This cute touching shaggy little animal belongs to the vole subfamily of the rodent order.
The body length of an individual usually reaches 15 cm and ends with a tiny two-centimeter tail. One can only draw this in children's books. There are 20 species of lemmings in the forests and tundra of Eurasia and North America. The largest populations are represented by three species: Norwegian (found in Norway and some regions of Russia); Siberian, or brown (lives in Russia, Alaska and Canada), and ungulates (very widespread throughout the Arctic, including Greenland). Lemmings are mostly brown in color, although the Norwegian has darker spots on the head and back. The hoofed lemming also differs from its counterparts in that it changes its skin from brown to white in winter, and this makes it invisible in the snow.

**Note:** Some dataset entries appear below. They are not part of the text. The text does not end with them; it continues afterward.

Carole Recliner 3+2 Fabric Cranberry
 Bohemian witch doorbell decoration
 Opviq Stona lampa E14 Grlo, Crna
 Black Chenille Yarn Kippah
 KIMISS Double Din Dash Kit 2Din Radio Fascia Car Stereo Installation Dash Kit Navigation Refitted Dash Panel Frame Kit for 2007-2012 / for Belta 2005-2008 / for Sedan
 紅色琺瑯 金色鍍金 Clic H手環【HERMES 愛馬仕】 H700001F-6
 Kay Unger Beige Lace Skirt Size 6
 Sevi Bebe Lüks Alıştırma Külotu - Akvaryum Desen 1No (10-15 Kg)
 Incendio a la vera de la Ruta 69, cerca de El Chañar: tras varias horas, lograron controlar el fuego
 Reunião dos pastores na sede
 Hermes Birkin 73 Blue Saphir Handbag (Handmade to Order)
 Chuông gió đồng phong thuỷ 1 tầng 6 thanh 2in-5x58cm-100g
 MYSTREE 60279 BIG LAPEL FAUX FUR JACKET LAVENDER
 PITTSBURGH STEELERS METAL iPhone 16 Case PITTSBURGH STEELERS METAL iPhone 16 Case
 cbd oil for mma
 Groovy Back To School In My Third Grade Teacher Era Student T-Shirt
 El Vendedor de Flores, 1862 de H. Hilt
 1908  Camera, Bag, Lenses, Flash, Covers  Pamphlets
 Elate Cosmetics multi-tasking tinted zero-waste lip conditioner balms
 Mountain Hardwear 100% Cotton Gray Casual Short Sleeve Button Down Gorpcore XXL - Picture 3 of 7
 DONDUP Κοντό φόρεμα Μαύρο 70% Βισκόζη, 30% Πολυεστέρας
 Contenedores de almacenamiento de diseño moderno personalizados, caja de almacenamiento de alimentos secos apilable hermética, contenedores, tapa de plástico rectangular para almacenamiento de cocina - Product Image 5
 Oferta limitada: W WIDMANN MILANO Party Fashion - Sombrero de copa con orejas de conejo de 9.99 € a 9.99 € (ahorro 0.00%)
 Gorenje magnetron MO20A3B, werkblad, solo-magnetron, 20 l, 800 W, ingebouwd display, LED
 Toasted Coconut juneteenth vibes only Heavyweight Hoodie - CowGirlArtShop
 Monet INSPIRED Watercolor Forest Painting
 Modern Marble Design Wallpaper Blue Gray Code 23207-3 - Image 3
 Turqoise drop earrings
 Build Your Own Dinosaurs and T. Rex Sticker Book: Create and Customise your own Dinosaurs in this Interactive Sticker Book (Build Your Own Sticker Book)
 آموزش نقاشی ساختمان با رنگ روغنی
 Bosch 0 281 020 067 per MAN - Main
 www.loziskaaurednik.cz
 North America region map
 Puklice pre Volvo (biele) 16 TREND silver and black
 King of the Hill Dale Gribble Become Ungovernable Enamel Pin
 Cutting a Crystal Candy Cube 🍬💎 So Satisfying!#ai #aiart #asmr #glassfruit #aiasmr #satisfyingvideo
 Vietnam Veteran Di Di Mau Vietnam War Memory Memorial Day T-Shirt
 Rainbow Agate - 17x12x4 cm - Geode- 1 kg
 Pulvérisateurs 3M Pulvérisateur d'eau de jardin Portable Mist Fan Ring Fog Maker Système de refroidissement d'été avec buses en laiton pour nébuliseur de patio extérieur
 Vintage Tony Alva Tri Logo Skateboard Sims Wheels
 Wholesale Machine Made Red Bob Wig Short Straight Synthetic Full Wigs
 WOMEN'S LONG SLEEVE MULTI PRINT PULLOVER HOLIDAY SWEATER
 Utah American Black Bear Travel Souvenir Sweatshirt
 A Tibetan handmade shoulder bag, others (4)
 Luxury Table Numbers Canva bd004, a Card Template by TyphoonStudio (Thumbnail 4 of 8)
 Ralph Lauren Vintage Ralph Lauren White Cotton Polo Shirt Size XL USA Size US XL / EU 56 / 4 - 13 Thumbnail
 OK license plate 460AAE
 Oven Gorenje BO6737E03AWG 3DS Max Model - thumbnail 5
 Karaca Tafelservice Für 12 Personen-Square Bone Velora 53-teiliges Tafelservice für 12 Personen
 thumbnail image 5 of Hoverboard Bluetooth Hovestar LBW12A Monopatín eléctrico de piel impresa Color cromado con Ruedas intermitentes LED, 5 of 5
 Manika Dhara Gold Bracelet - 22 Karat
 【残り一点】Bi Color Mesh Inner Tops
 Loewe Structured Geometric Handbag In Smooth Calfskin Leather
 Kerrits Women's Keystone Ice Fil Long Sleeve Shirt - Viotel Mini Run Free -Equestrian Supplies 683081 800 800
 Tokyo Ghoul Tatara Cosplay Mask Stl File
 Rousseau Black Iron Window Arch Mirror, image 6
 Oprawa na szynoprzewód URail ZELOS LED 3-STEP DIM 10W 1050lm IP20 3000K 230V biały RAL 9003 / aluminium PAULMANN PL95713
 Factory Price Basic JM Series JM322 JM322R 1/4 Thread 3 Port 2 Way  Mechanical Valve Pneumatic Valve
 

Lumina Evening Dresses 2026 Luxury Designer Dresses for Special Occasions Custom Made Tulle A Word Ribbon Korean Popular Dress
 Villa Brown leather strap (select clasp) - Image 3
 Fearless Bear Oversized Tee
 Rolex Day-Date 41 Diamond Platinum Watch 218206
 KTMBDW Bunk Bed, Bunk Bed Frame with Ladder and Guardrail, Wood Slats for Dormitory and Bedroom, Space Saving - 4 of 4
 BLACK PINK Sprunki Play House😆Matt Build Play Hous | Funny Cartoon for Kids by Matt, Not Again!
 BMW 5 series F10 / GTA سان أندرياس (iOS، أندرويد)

The views of zoologists on the nature of the periodic migrations of lemmings in the tundra zone were repeatedly presented in the pages of all kinds of magazines more than 30 years ago. But then the mechanism of this rather well-studied phenomenon remained a mystery. All the past years, small animals from the vole subfamily, which play an important role in the life of tundra biocenoses, continued to interest specialists in many countries.
Lemmings, if they were reasonable, could be proud of such close attention. Scientists have studied them "far and wide." For example, their food assortment is thoroughly known: sedges and green mosses, shrubs of various dryads, grasses and forbs, and the fact that they devour vegetation by 50-90%. And nevertheless, even after intensive grazing (in the years of peak reproduction of lemmings), sedges and grasses significantly increase their aboveground phytomass the next year. This indicates a high adaptability of the tundra vegetation to the press on the part of lemmings and, in particular, its ability to quickly restore its biomass, and therefore, to supply the food necessary for the animals.
The information available in the literature does not give an exact answer to the question to what extent the lack of food affects the survival and reproduction of lemmings. Nevertheless, the lack of food, leading to a disturbance in the energy balance of rodents, should be considered as a very real reason only for their winter mortality. But, while recognizing the participation of the food factor in the regulation of lemmings, most experts do not share the point of view of many ecologists about its leading role.
They are not able to significantly disturb the "peace" of lemmings and the predators feeding on them - middle and long-tailed skuas, snowy owl and arctic fox. There is no common point of view among ecologists regarding the role of predators as a regulator of the number of lemming populations. When assessing the participation of predators in the dynamics of the number of lemmings, scientists recognize that the Arctic species of birds and mammals, which have long been feeding on these rodents, have a significant impact on their cycles. However, the role of predators is reduced mainly to the extermination of a significant part of the breeding population of rodents in the peak phase, which are separated from each other by intervals of three to four years and occur synchronously in rodents of this species. And as it turns out, the life cycle of many polar animals directly depends on this little rodent.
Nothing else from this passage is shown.